A while back I heard some samples of the difference between lossless files and their compressed forms (MP3) and thought it seemed pretty cool to hear what data the compression algorithms are throwing away. I just got around to trying this for myself. Here's what I did:

  • First things first, you'll need sox with the appropriate formats installed. Optionally install octave, and vorbis-tools or a compressor of your choice. On debian: apt-get install octave sox libsox-fmt-all vorbis-tools
  • Start with a lossless file, eg a FLAC or a WAV ripped from a CD.

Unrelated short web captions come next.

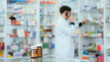 © 2B - A male pharmacist checks drug stocks in a community pharmacy. use the phone to talk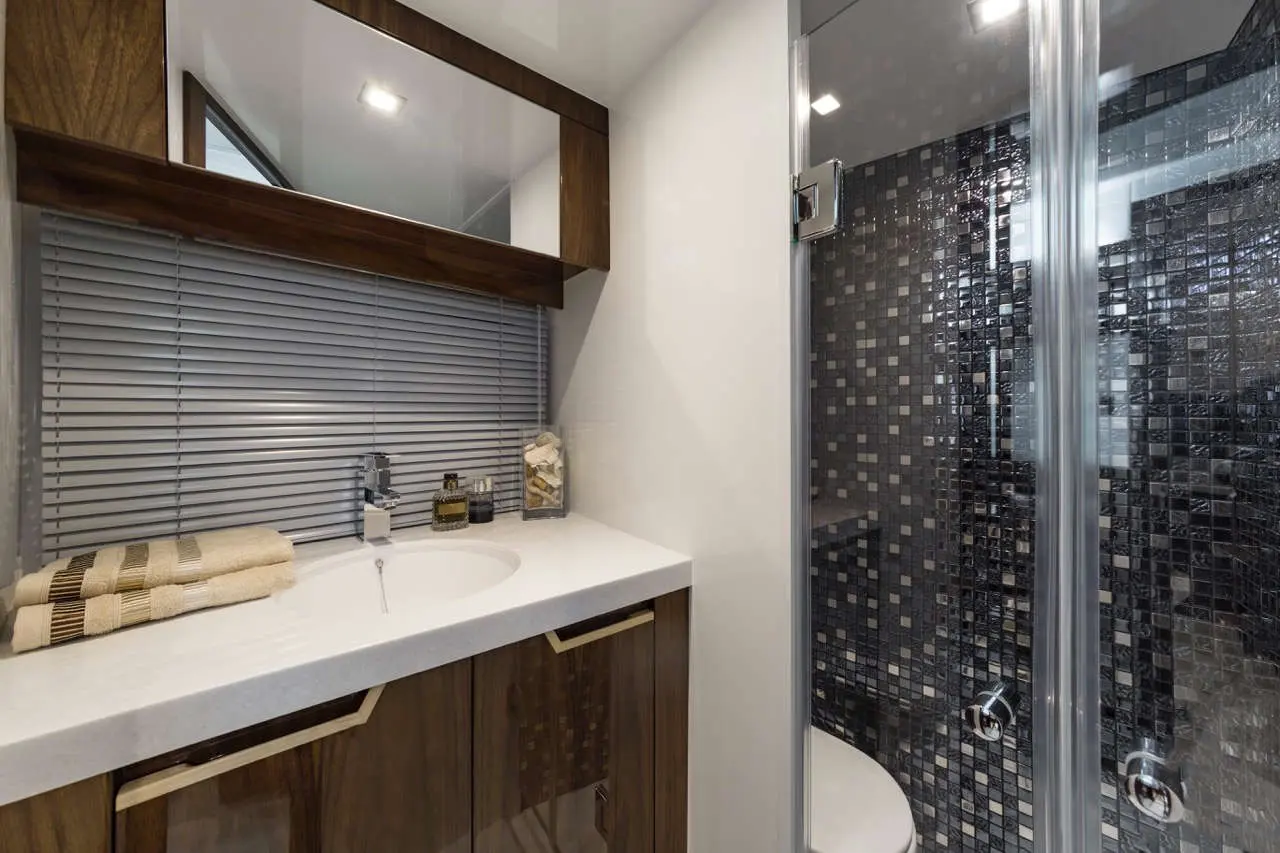 Modern bathroom featuring a sink, wooden cabinetry, toiletries, and a glass shower with stylish black tile.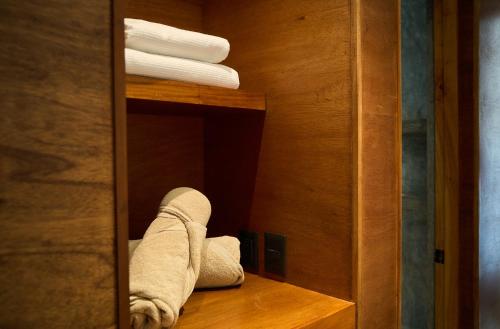 a towel is sitting on a shelf in a closet at Casa del Viento by ÓOL Hotels in Holbox Island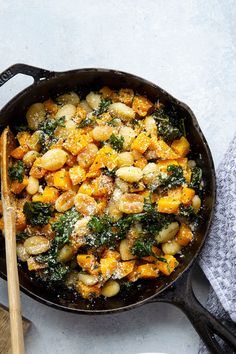 a skillet filled with potatoes and spinach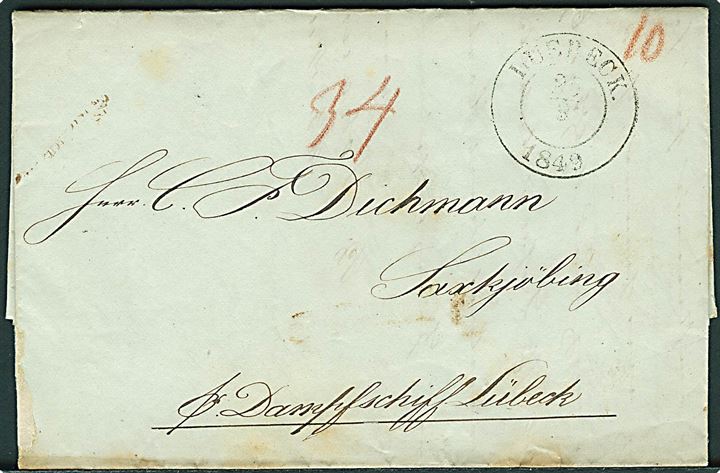 1849. Portobrev stemplet Luebeck d. 24.9.1849 til Saxkjøbing, Danmark. Påskrevet: pr. Dampschiff Lübeck. Porto 32 sk. + 2 sk. bærepenge = 34 skilling.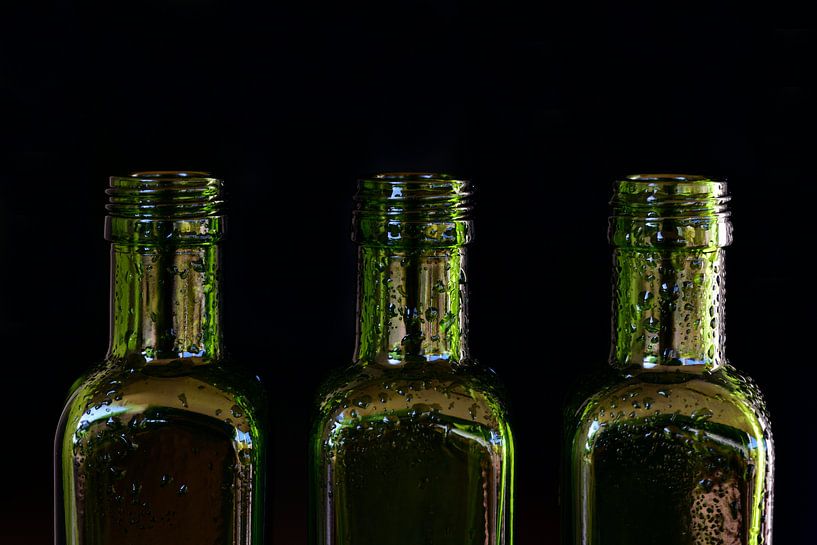 drei leere grüne Flaschen aus Glas mit Wassertropfen von Ulrike Leone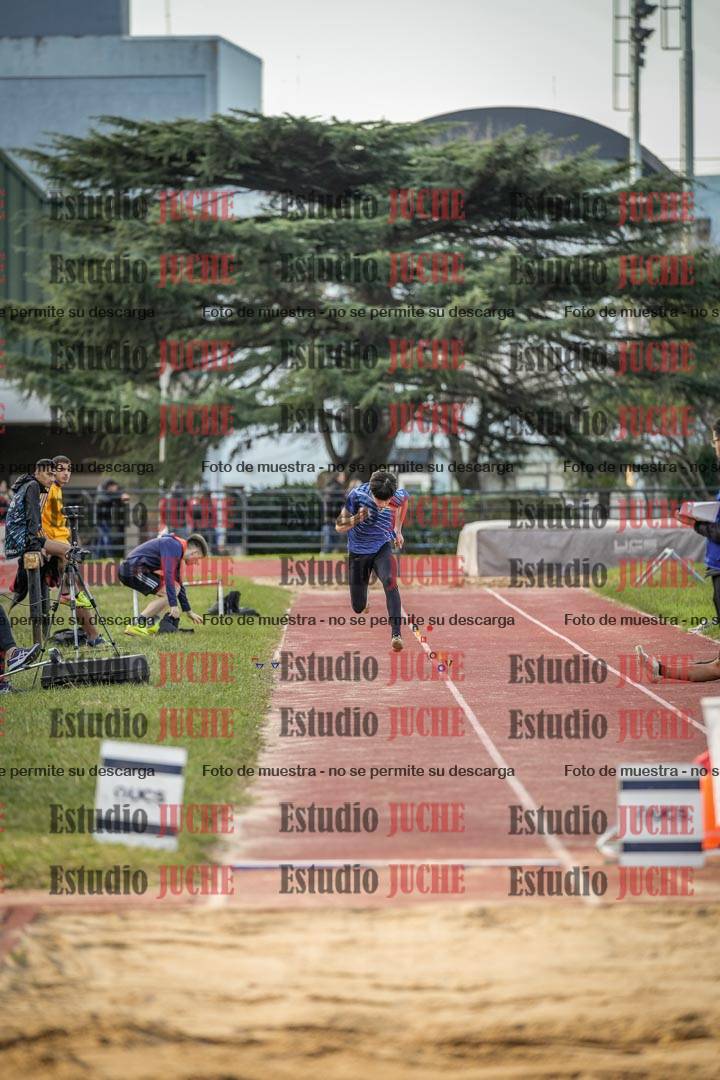 Fotos del salto en largo de varones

$ sox ~/Music/Dalriada/Jegbonto/05\ -\ Téli\ ének.flac original.wav

  • Convert it to a lossy format. I'd reccomend using vorbis, since I had trouble with MP3, see below. For example:

$ oggenc -q 5 -o lossy.ogg original.wav

  • Convert the compressed file and original to RAW format. Check that they're the same size.

$ sox original.wav original.raw
$ sox lossy.ogg lossy.raw
$ ls -l *raw

  • Start octave or matlab and run the following commands to subtract the files as 16-bit signed ints (alternative follows):

> original=fread(fopen('original.raw'),Inf,'int16');
> lossy=fread(fopen('lossy.raw'),Inf,'int16');
> fwrite(fopen('out.raw','w'),original-lossy,'int16');

  • Alternatively, if you don't have/want to install octave, Techmeology provides some C code to acheive the same thing.

$ gcc -o compare compare.c
$ ./compare original.raw lossy.raw > out.raw

  • Now convert it to a usable format (eg wav). Optionally you can amplify it to bring it to an audible volume level. Here I've applied 10dB of gain:

$ sox -r 44100 -t raw -e signed-integer -c 2 -b 16 out.raw out.wav gain +10

And there you have it. I was left with a sort of haunting ghostly screaming sound. I would share but you know, copyright and all that. If anyone can suggest some creative commons music to publish samples of though, I'd be happy to do that.

I have noticed a problem though - by converting to MP3 and back you seem to end up with fewer samples. I've tried padding it out with zeros before the comparison, but it then the difference file becomes just a choppier-sounding version of the original. If anyone knows how to resolve this, please do let me know.